However, the high-salt water-based electrolyte inherently requires a high solubility of the electrolyte salt in water, which cannot be completely satisfied in other water-based battery systems. This is therefore a challenge to generalize similar concepts to other water-based metal batteries.

Disclosure of Invention

The embodiment of the invention provides a high-salt water-based electrolyte, a battery and application thereof.

In a first aspect, an embodiment of the present invention provides a high-salt-water-based electrolyte, including: quaternary ammonium salts (R)₄N) X and a metal salt AB chemically stable in water;

in the (R)₄N) in X, R₄N⁺Is a cation, wherein R is a hydrocarbyl group bonded to the element N; x is an anion, including F^-、Cl^-、Br^-、I^-、HSO₄ ^-、RCOO^-、CF₃SO₃ ^-、(CF₃SO₂)₂N^-、F₂N(SO₂)₂ ^-、H₂PO₄ ^-One or more of the above;

in the metal salt AB, A is cation including alkali metal ion, alkaline earth metal ion, Zn²⁺Or Al³⁺One or more of the above; b is an anion, including SO₄ ^2-、NO₃ ^-、PO₄ ^3-、CO₃ ^2-、CH₃COO^-、CF₃SO₃ ^-Two, twoTFSI (trifluoromethanesulfonylimide) group^-Bis (fluorosulfonyl) imide FSI^-Bis (pentafluoroethylsulfonyl) imidoBETI^-Or (perfluorobutylsulfonyl) imino NFN^-One or more of them.
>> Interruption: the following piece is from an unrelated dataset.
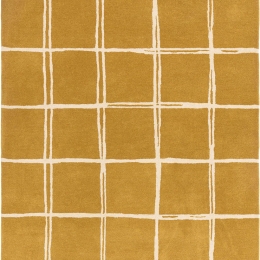 Χαλί Albany Grid Gold Asiatic London 80X150cm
Preferably, in the high-salt water electrolyte, the volume ratio of salt to water is more than 1 and/or the weight ratio of salt to water is more than 1; the salt is quaternary ammonium salt (R)₄N) the sum of X and the metal salt AB.

Preferably, in the high-salt water-based electrolyte, the quaternary ammonium salt (R) is₄N) the solubility of X is 5mol/kg-50mol/kg, and the solubility of the metal salt AB is 2mol/kg-30 mol/kg.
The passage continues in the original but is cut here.